- _PROBLEM_:
Without including the pictures, copy out every line below.

[MATERIAL PROVIDED]

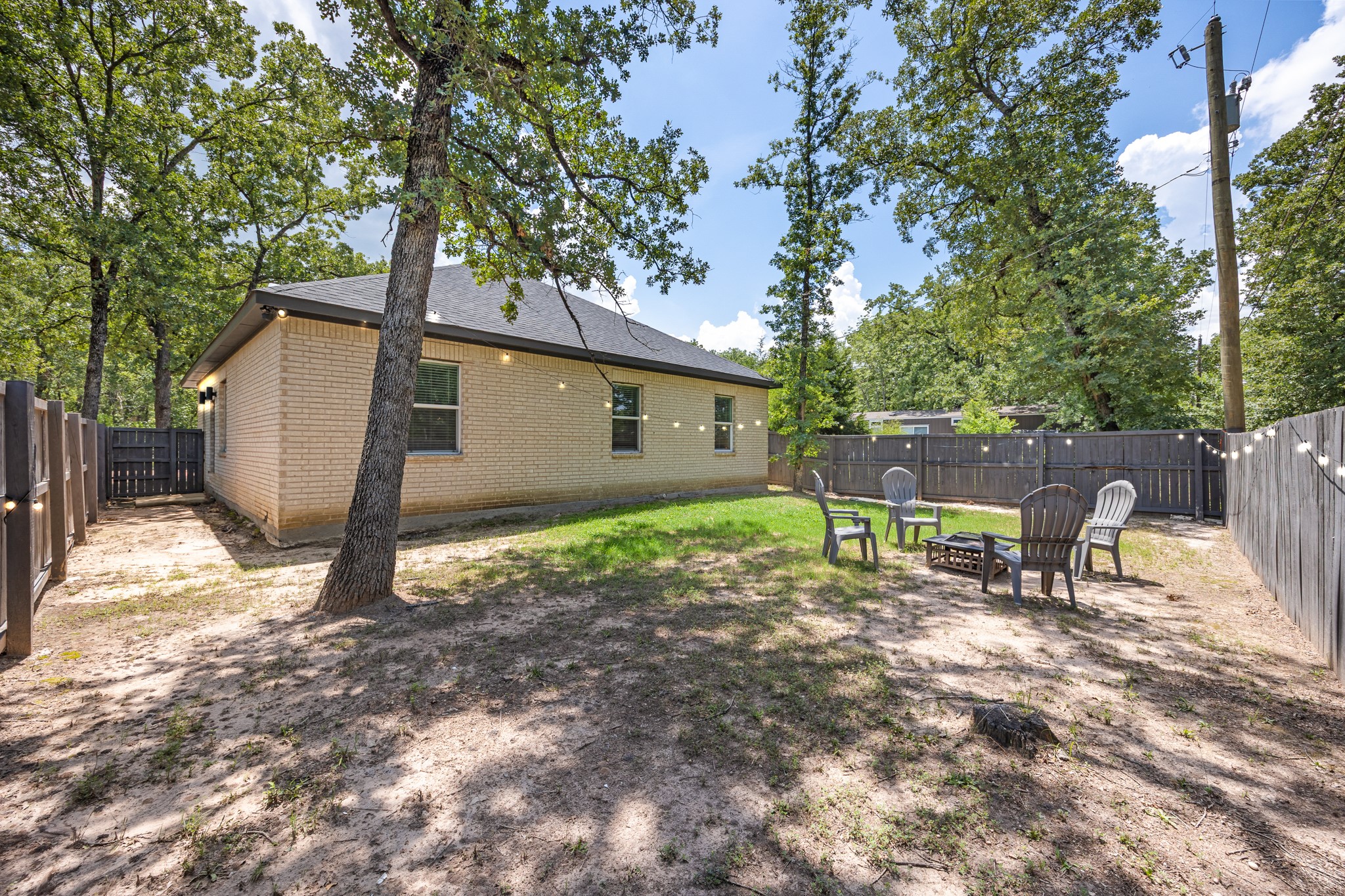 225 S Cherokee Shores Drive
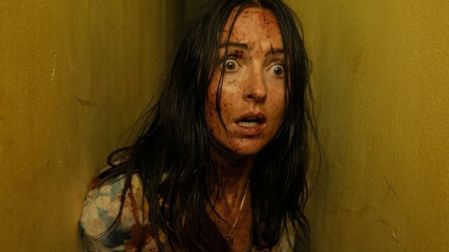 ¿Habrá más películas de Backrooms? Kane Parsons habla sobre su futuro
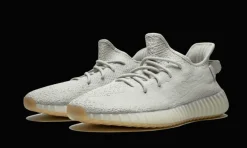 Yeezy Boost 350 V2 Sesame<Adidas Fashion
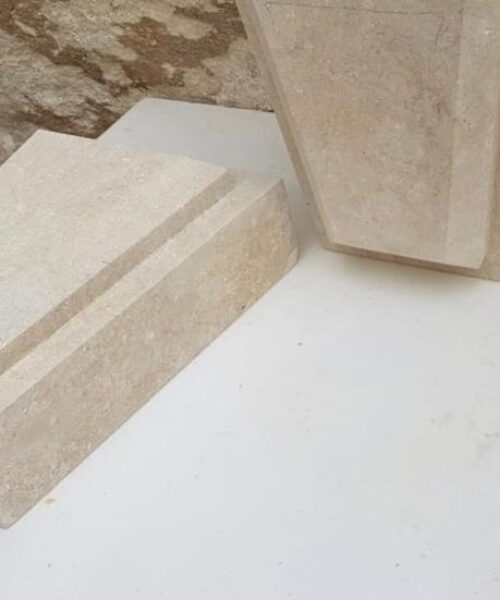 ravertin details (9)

[/MATERIAL PROVIDED]

- _RESULT OF THIS EXERCISE_:
 225 S Cherokee Shores Drive
 ¿Habrá más películas de Backrooms? Kane Parsons habla sobre su futuro
 Yeezy Boost 350 V2 Sesame<Adidas Fashion
 ravertin details (9)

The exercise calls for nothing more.